Collected material =

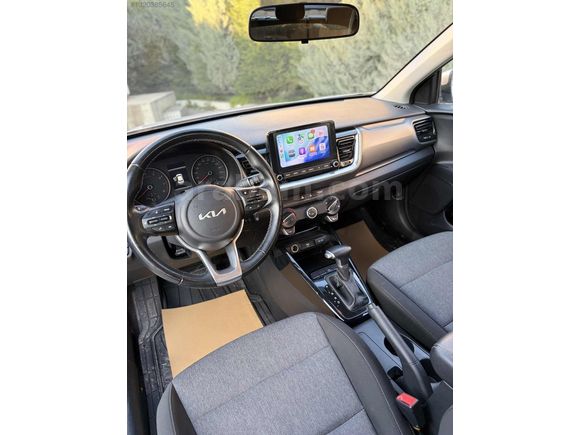SERVIS BAKIMLI/GARANTİLİ DÜŞÜK KM KİA STONİC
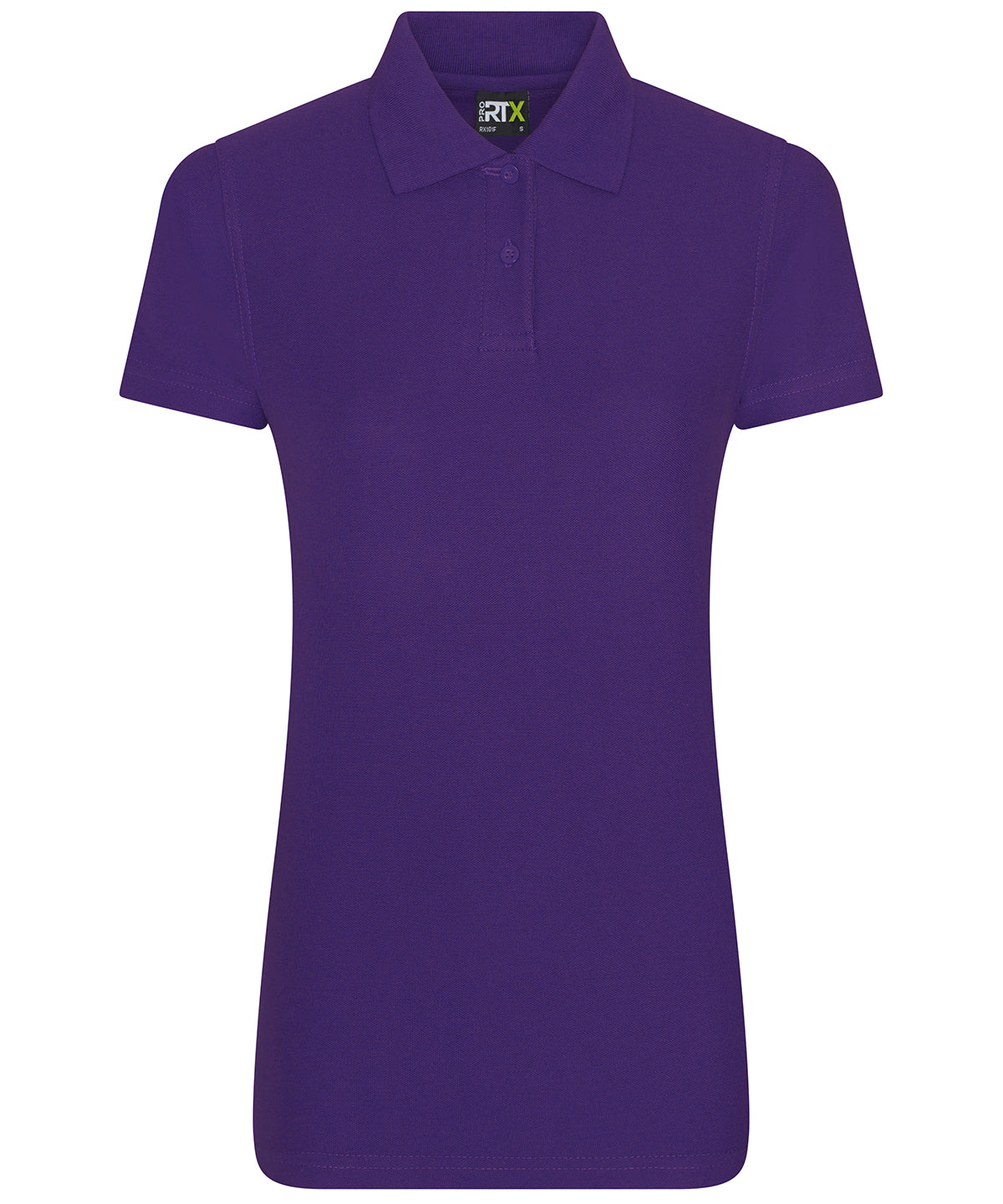 Pro RTX Women's pro polo Purple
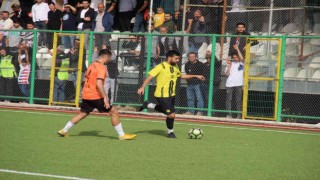 Bölgesel Amatör Lig: Elazığ Yolspor: 3 - Aksaray Gençlikspor: 6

What the task requires = Everything in the data except the pictures must be retyped exactly.

Exercise response =
SERVIS BAKIMLI/GARANTİLİ DÜŞÜK KM KİA STONİC
 Pro RTX Women's pro polo Purple
 Bölgesel Amatör Lig: Elazığ Yolspor: 3 - Aksaray Gençlikspor: 6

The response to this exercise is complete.